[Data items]

:::

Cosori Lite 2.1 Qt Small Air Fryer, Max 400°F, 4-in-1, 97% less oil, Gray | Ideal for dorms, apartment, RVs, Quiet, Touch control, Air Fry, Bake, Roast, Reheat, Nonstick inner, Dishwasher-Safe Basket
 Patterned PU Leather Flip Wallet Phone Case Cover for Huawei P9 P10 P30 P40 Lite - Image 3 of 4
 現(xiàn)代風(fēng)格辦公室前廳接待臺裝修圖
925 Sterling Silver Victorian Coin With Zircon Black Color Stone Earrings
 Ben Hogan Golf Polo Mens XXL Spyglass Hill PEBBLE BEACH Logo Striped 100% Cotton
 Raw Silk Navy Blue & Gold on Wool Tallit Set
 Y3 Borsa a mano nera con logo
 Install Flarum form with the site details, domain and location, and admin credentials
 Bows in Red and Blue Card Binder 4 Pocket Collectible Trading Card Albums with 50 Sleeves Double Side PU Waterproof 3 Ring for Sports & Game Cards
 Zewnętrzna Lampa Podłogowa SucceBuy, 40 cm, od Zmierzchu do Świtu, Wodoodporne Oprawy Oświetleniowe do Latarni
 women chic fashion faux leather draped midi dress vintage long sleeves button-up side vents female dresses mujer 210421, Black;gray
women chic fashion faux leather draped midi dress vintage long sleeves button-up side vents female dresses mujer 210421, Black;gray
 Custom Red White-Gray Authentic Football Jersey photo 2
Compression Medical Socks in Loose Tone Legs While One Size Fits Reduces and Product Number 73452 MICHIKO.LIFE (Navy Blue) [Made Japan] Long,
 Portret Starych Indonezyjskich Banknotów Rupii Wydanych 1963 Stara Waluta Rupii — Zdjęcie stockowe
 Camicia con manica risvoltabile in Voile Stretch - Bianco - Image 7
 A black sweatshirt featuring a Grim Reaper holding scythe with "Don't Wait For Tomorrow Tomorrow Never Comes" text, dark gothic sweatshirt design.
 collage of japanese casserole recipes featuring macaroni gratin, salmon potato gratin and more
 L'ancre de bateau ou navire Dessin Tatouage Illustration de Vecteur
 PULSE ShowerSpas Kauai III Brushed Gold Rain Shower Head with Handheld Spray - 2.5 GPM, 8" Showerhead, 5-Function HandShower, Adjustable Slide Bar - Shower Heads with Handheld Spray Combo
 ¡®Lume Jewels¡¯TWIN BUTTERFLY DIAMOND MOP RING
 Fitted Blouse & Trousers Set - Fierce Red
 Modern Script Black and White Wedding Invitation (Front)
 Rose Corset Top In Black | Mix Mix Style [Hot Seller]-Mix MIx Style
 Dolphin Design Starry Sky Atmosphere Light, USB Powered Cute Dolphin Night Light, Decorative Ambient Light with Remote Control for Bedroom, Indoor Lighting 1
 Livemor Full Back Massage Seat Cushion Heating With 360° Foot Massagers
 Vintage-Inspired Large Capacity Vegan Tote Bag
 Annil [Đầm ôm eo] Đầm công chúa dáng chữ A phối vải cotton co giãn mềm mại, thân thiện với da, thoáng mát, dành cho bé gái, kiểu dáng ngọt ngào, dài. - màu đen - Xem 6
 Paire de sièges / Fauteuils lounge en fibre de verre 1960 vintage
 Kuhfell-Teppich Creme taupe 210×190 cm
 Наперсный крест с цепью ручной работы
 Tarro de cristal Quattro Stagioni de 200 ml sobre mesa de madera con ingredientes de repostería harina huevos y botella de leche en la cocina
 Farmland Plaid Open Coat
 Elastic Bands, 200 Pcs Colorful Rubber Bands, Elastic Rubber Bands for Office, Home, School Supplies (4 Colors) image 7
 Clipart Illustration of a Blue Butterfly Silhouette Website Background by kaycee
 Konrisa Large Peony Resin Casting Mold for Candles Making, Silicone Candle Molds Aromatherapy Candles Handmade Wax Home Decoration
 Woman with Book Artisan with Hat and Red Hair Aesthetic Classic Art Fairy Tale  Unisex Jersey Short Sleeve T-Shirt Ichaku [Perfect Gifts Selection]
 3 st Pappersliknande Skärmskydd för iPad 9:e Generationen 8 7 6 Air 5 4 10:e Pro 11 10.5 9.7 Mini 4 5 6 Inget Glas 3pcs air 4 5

:::

* [Task item]
From the data above, return every line from the line that has "Custom Red White-Gray" up to and including the line that has "DIAMOND MOP RING", exactly.

* [Response to the task]
 Custom Red White-Gray Authentic Football Jersey photo 2
Compression Medical Socks in Loose Tone Legs While One Size Fits Reduces and Product Number 73452 MICHIKO.LIFE (Navy Blue) [Made Japan] Long,
 Portret Starych Indonezyjskich Banknotów Rupii Wydanych 1963 Stara Waluta Rupii — Zdjęcie stockowe
 Camicia con manica risvoltabile in Voile Stretch - Bianco - Image 7
 A black sweatshirt featuring a Grim Reaper holding scythe with "Don't Wait For Tomorrow Tomorrow Never Comes" text, dark gothic sweatshirt design.
 collage of japanese casserole recipes featuring macaroni gratin, salmon potato gratin and more
 L'ancre de bateau ou navire Dessin Tatouage Illustration de Vecteur
 PULSE ShowerSpas Kauai III Brushed Gold Rain Shower Head with Handheld Spray - 2.5 GPM, 8" Showerhead, 5-Function HandShower, Adjustable Slide Bar - Shower Heads with Handheld Spray Combo
 ¡®Lume Jewels¡¯TWIN BUTTERFLY DIAMOND MOP RING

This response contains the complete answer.